Many of us have, at the very least, read the teachings and miracles of Jesus (unless you’re Thomas Jefferson, then you just skip over them). They’ve inspired, they’ve infuriated, they’ve changed. However, very few of us are as capable as living like Jesus as we’d like to believe. Ed Dobson, as the title of his book indicates, tried to live like Jesus for a year, with interesting results.

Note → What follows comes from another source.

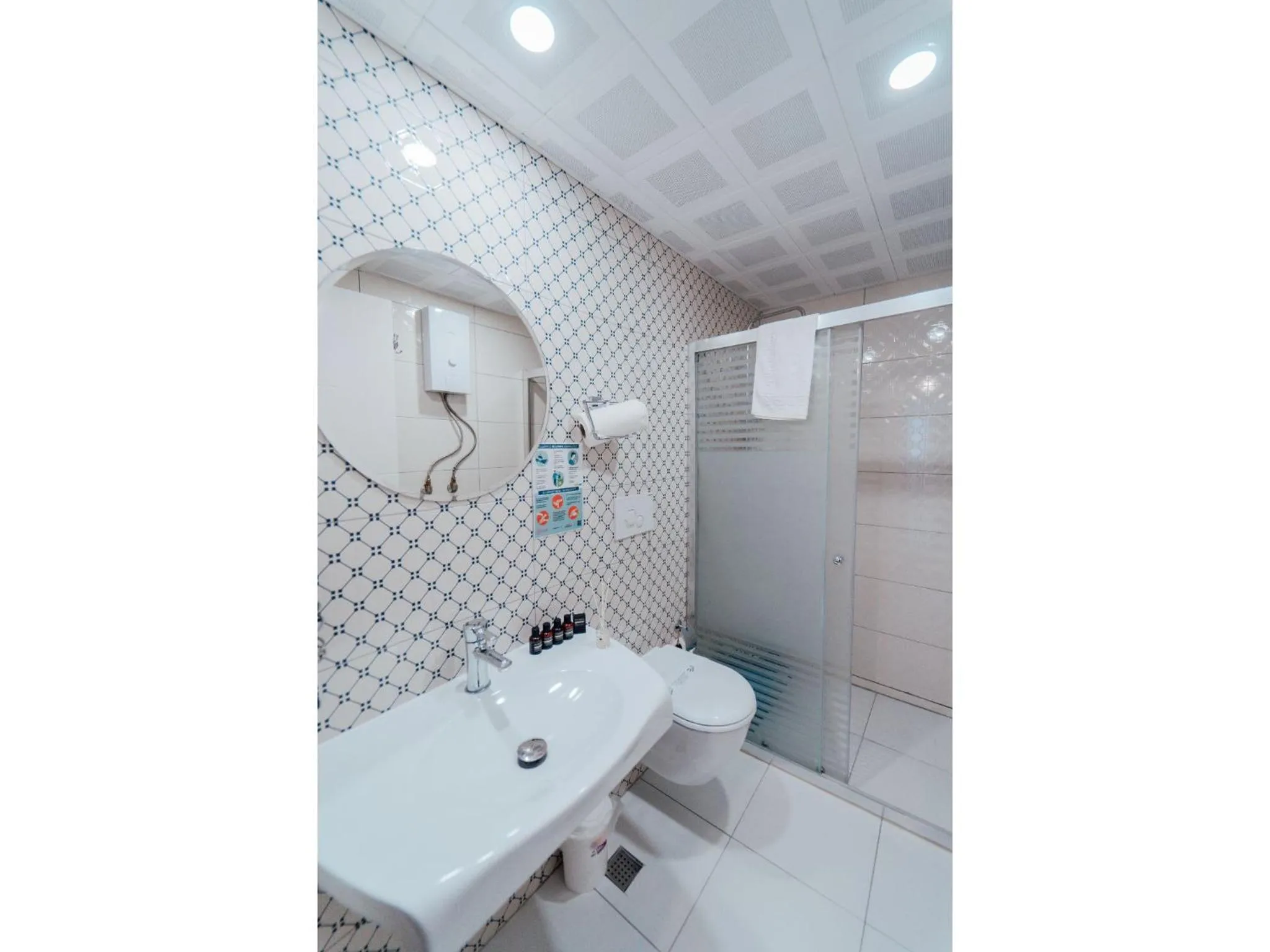 Shower in Fortunella Suites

Dobson’s experiment led him down a whole bunch of interesting paths. Upon his beginning of this journey, things seem to start out easy enough for him. He listens to the Gospels non-stop, he decides to not be deceitful and leave his iPod off for takeoff on a flight. However, a friend promptly reminds him that Jesus was also a Jew, and therefore would eat Kosher, so he decides to start doing that. Throughout the book, we see Dobson spending more time in synagogue than he does in church (something, no doubt, Jesus would have done).

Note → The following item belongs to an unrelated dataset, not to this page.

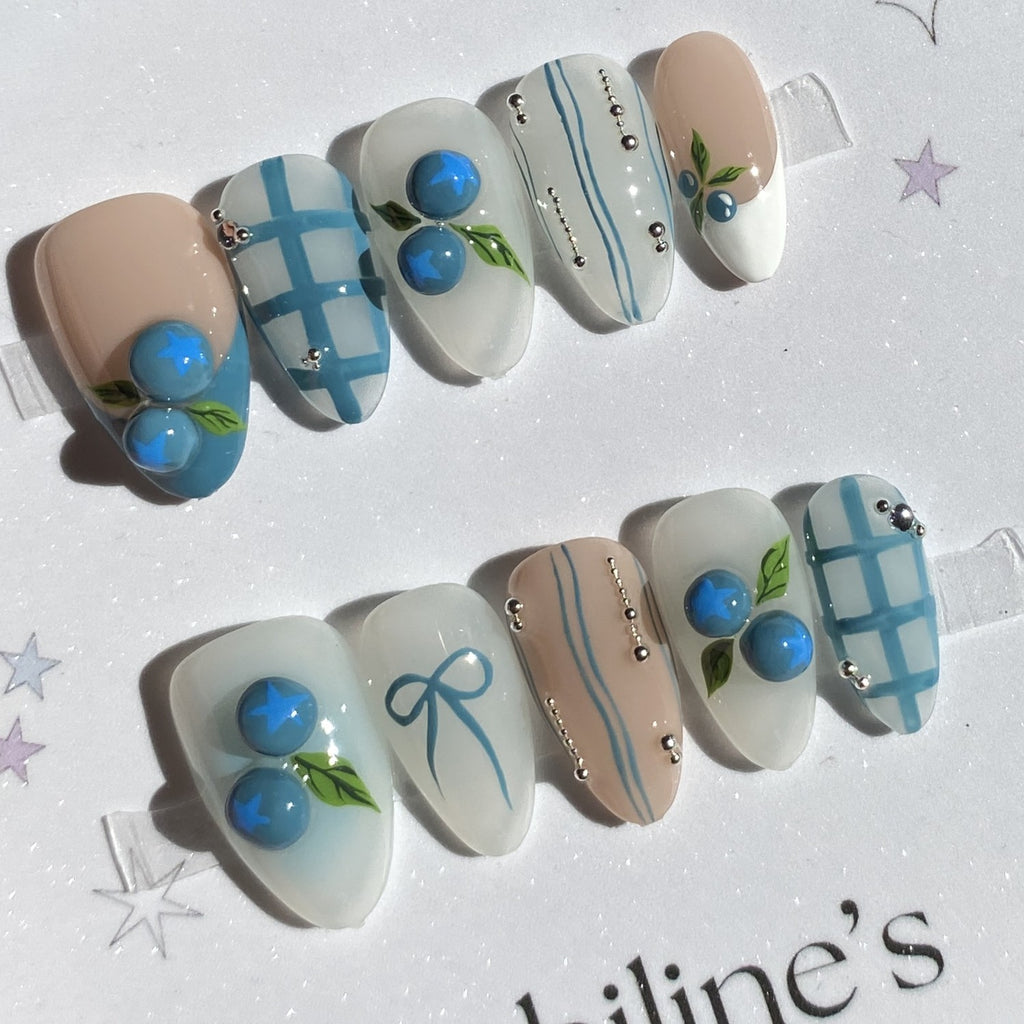 Design 29 | Blueberry Paradise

His journey takes many twists and turns as he finds new ways to pray (he interchangeably uses the Rosary, Orthodox Prayer Rope, and the Anglican Prayer Beads at different times), new ways to dress (including shirts with tassels), and new ways to talk to people (sitting in bars, having beer with people who called spirituality a crutch). It even pushed him to, for the first time, vote Democrat, as he understood the then Senator Obama to be best reflecting the teachings of Jesus as far as care for the poor, loving one’s enemies, and being a peacemaker. The issue of Obama being pro-choice did bother him, but being pro-life, to Dobson, means more than protecting the unborn.
I was through this book in a week’s time, and that’s with broken up reading here and there. I may have only spent about 3-4 hours total reading it. The book essentially functions as his journals over the course of the year, which makes for an easy, but very relatable read. He hashes out the conflicts he encountered in his journey with you, and shows good reasoning for his conclusions. I didn’t necessarily feel like I was doing this WITH Dobson the whole time, but I did enjoy hearing where God led Him through all this.
This is not a great theological text with deep examinations of the original Greek and Hebrew (though he does use it where it is required); it is a personal, experiential journey of a man trying to figure things out for himself. Sometimes, we theologians forget that God is actually alive, and that He leads and guides us throughout this life. Never will I tell you to ignore the call to good biblical scholarship permanently, but I do think there is a need to set it aside in order that we may hear the voice of God.